Peak staff will spend about two months conducting shadow operations with each of the incoming RCs to ensure continuity and shared expertise. Peak is following a detailed project management path until it hands over its RC duties.

“We have a very unique requirement of providing services for a year while closing the organization,” Peak CEO Marie Jordan said. “I haven’t closed too many companies. I’ve closed some power plants, but we always had the mother ship above us. This is truly a territory not too many of us on the leadership have been down, so [we] want to do it right.”

NERC CEO Jim Robb said he found Jordan’s presentation “confidence-inspiring.”

“You’ve made it clear the focus is on reliability, not the closure of Peak,” he said.

Robb said he was concerned about the California-Arizona seam, which was a part of the 2011 Southwest outage that led to Peak’s creation. Jordan said Peak is in the final stages of executing a seams agreement with CAISO but noted that remedial action schemes (RAS) may prove more important.

“I do think RAS schemes need to be as much of a focus as the seams agreements,” she said.

WECC RC/BA footprint | WECC

SCE’s Payne: California Prepping for ‘New Abnormal’

Southern California Edison CEO Kevin Payne welcomed NERC to sunny but chilly California, saying, “You’ve picked a pretty interesting time to come” to the state.

Payne said the state is at the forefront of a clean energy future, pointing to its renewables-heavy grid and focus on greenhouse gas reductions.

“Ironically,” he said, “the very thing we’ve worked so hard to mitigate, climate change, is impacting us in real ways. If you’re a skeptic of climate change, I guarantee you would be a believer if you lived through it like we are.”

Payne said 2018 was the “most destructive, damaging and tragic fire year” in the state’s history. Capped by the deadly Camp Fire, the last two years have seen Pacific Gas and Electric rack up $30 billion in potential wildfire liabilities, leading the utility to file for Chapter 11 bankruptcy reorganization. (See PG&E Wants to Undo Contracts, Revamp Biz in Bankruptcy.)

Former Gov. “Jerry Brown referred to the ‘new abnormal,’” Payne said. “We’re quickly preparing ourselves for the new abnormal.”
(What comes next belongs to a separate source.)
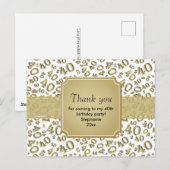 Vielen Dank 40. Gold/White Geburtstag Zahlenmuster Postkarte (Vorne/Hinten)
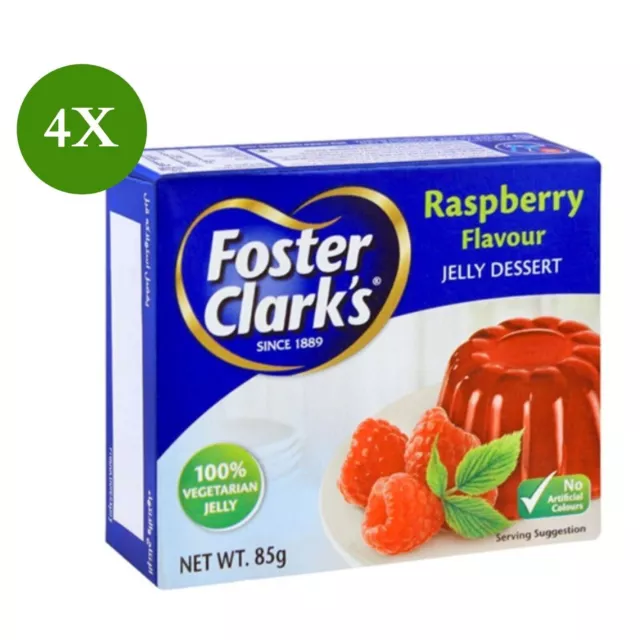 4 Pack X Foster Clark's 100% Vegetarian Jelly Raspberry Flavor HALAL ( 85 Gram)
That includes hardening the grid’s infrastructure, aggressive vegetation management, installing covered conductors on thousands of miles of distribution lines and improving situational awareness by adding weather stations in the utility’s service territory. Like the state’s other investor-owned utilities, SCE filed a wildfire mitigation plan last week. (See Federal Judge to Review PG&E’s Wildfire Plan.)

“We’re working through all of this,” Payne said. “We’re getting the right policies in place, so we can move forward and focus on reliability.”

Robb Honors McIntyre, LaFleur

Robb opened his regular report by asking for a moment of silence in honor of the late FERC Commissioner Kevin McIntyre, who died last month following an 18-month battle with brain cancer. (See FERC’s McIntyre Loses Cancer Battle.)

“I’ll miss his leadership at FERC. He was a rare talent,” Robb said.

He also recognized Commissioner Cheryl LaFleur’s recent announcement that she would not be nominated for another term on the commission. (See LaFleur Announces Departure from FERC.)

“That was a bit of a blow to all of us,” Robb said. “She certainly took reliability as one of the pillars of her work at FERC. She’s been good to us.”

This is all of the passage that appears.